Start of Block

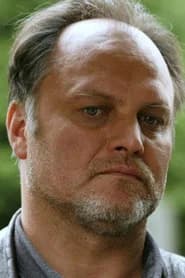 Marek Kasprzyk as Older Man
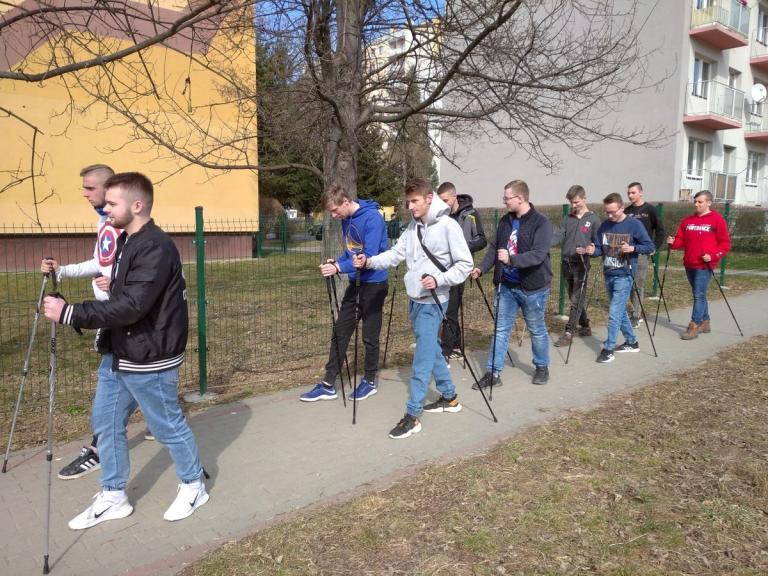Zajęcia sportowe w 9-9 Hufcu Pracy w Krośnie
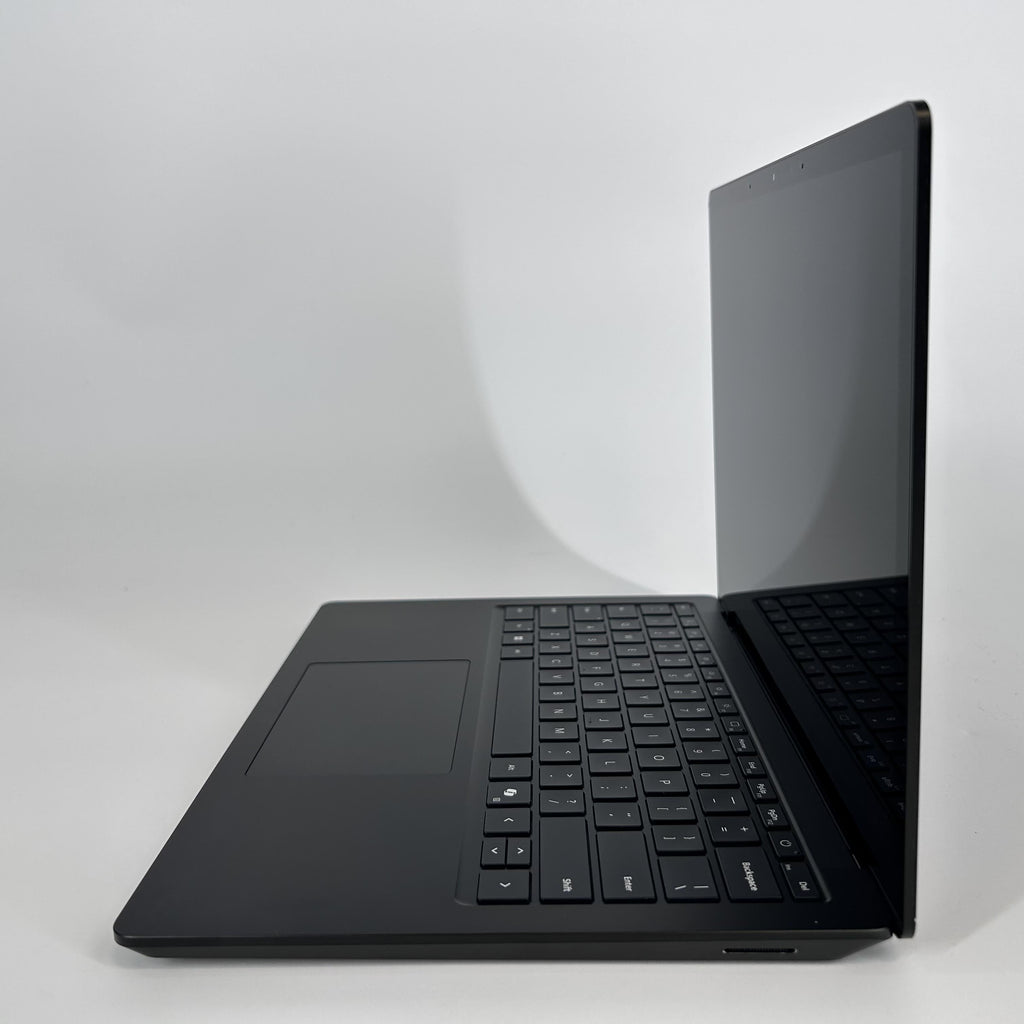 Microsoft Surface Laptop 6 13.5 Black 3.8 GHz Intel Core Ultra 7 16GB RAM 256GB Solid State Drive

End of Block

* What is required
Please return the listing above exactly and leave every picture out.

* Exercise output
 Marek Kasprzyk as Older Man
Zajęcia sportowe w 9-9 Hufcu Pracy w Krośnie
 Microsoft Surface Laptop 6 13.5 Black 3.8 GHz Intel Core Ultra 7 16GB RAM 256GB Solid State Drive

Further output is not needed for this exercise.